When plaintiff's deposition was taken she was asked the question: "And at the time he was not riding in a commercial plane with a licensed pilot, was he?" to which she replied, "No, he was not," but she also testified in answer to the question, "Now, you don't know how your son died? A. No. I wasn't there." She was asked, "When you sent in your proof of loss did you have any first hand information of the manner in which your son's death came about?," and answered, "No. Only the clipping in the paper and the death [30 Cal. 2d 162] certificate." Also in response to the question, "It is your understanding that he died in an aviation accident?," she said "As far as I know." This testimony made it evident, and the fact stands uncontradicted, that plaintiff had no information concerning the death other than the hearsay statements contained in the excluded documents.
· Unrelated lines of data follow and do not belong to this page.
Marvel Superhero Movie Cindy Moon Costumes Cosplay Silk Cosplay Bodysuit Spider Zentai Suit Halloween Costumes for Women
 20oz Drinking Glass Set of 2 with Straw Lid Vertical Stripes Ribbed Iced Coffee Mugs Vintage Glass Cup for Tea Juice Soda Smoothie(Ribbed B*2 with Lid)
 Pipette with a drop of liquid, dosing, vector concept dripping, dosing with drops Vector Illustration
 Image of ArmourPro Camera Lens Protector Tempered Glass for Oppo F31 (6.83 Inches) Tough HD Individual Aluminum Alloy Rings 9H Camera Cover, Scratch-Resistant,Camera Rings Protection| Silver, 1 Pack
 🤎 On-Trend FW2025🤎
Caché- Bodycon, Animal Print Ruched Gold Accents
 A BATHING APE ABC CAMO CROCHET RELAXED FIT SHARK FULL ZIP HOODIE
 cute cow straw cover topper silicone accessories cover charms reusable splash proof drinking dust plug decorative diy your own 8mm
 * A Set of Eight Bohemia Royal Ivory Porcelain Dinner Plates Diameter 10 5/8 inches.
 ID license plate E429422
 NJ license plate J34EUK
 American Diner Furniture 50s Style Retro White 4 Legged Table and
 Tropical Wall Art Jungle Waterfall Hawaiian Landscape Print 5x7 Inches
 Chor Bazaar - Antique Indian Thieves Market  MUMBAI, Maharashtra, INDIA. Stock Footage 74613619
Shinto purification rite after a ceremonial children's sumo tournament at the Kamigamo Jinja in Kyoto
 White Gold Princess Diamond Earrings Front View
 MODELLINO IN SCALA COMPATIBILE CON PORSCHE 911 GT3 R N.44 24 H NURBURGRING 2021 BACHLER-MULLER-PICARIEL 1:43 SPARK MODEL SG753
Moreover, it will be noted that even if the excluded documents had been admitted in evidence, there is no statement in any of them to the effect that the son was not a passenger in a licensed plane at the time of his death. In short, defendant simply failed to prove the essential fact which would make operative the exclusion clause of the rider.
The judgment is affirmed.
Gibson, C.J., Shenk, J., Edmonds, J., Traynor, J., and Schauer, J., concurred.